Char No. 4 is a restaurant and bar on Smith Street that specializes in barbecue. But don't go to expecting enormous piles of meat served at picnic tables—the sleek dining room looks more fine dining than down home, and the menu is full of thoughtful revisions of barbecue classics. The bar features literally hundreds of whiskeys by the glass, and that menu is stacked with snacks and appetizers.
We had no choice but to start with the Smoked and Fried Pork Nuggets ($4), five bite-sized balls of finely ground pork served with Char No. 4's own hot sauce. The nuggets were fatty and smokey sweet, and while I could have eaten more of them, they were rich enough that I was glad I hadn't. We followed them with the Crispy Cheddar Curds ($7), rubbery bits of cheddar battered and deep-fried until soft and melty. They were served with a slightly spicy mayo-based pimento sauce, bursting with roasted pepper flavor. These were certainly a step up from your run-of-the-mill mozzarella sticks; by using curds, the kitchen at Char No. 4 makes sure that the cheese can get melty without getting messy, and as the dish cools at the table the cheese bits begin to take on a more toothsome quality that I liked even better than when they were piping hot.
The Thick Cut Bacon ($11), two slices of practically half-inch thick bacon, is smoked in-house, served over marinated mushrooms and sprinkled with thyme. The mushrooms were delicious, almost pickled, and the thyme added an earthy flavor to the bacon, which, let's not kid ourselves, was the star of the show. While the bacon was good, I'm not sure I'd recommend this dish for those dining on a budget; when you're trying to keep the bill down, eleven bucks is pretty steep for two slices of bacon, even bacon cut this thick.
We also dipped into the sides menu. Wanting to remember what a vegetable tasted like, we ordered the Baby Beets with Arugula Walnut Pesto ($8). This dish was very good, refreshing and served at room temperature. I was hoping for more punch from the arugula pesto, which was surprisingly mild.
The Bacon Jalapeno Cornbread ($4) was one of the best cornbreads I've had in the city. We could see the flecks of jalapeno but barely tasted them. That was fine, because the bacony flavor was spread throughout and present in every bite. This came served with honey butter, which was sweet and salty and added another layer of flavor to the cornbread. That honey butter could be spread on a sock and enjoyed as a fine breakfast.

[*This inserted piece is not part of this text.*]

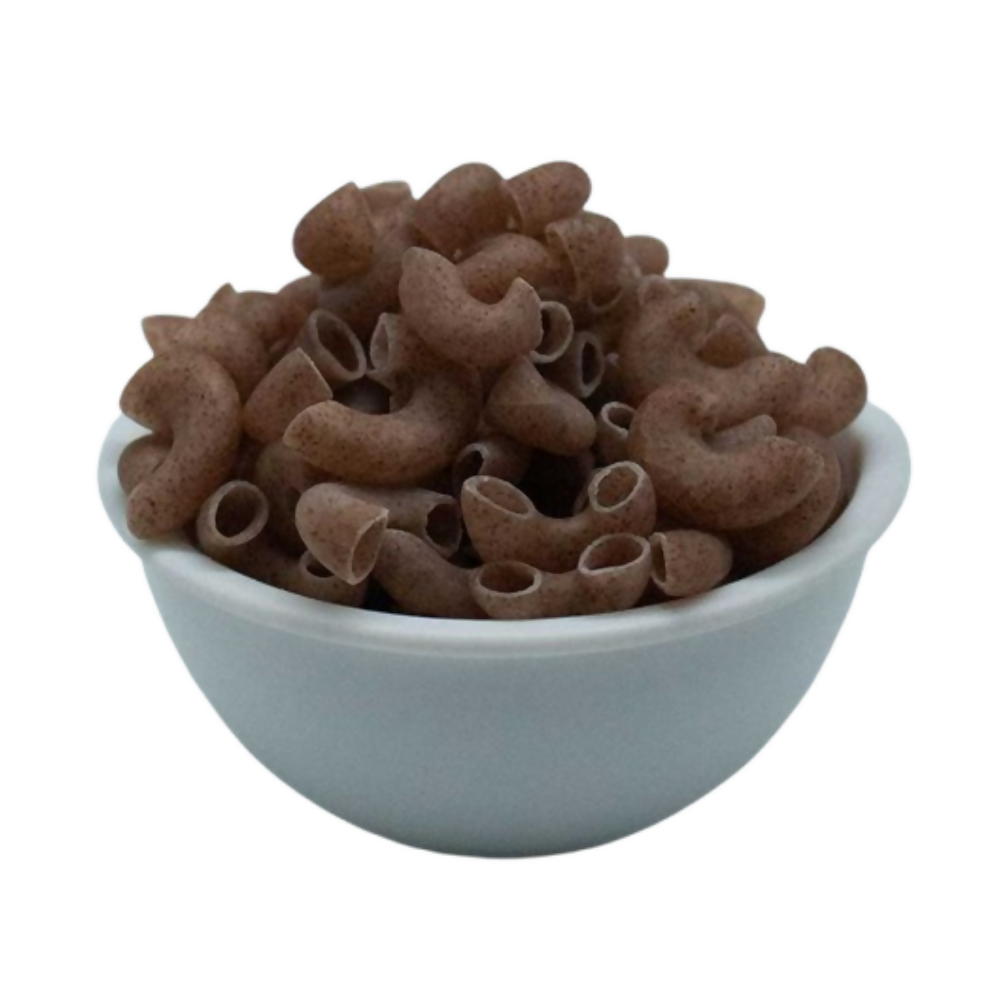 Image 1 of 1 kg for the product Tenali Ruchulu Millet Pasta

Still wanting to try some of Char No. 4's barbecued meat offerings, we decided to split the House Smoked Brisket Sandwich ($12), paper thin slices of tender beef piled on a kaiser roll with pickled cabbage and beer cheese. The meat was smoky, with crispy bits around the edges of the sandwich adding a bit of crunch to the gravy soaked bread. I couldn't really taste the beer cheese, but as a whole, the sandwich worked. It came with a side of borracho beans, red beans cooked with beer and bacon—probably the best value of our meal.
Everything we ate at Char No. 4 was mighty tasty, and the pork nuggets are one of the best bar snacks this city has to offer. When you think barbecue, you may think overflowing plates of meat and heavy vegetable sides, but the kitchen here eschews that style in favor of modest serving sizes and simple preparations that pay homage to classic American barbecue rather than trying to recreate it. It was a bit of a challenge to put together a whole meal at our $15/person target price, and we did not leave stuffed. But for $46 between the three of us before tax and tip, we weren't disappointed by any stretch.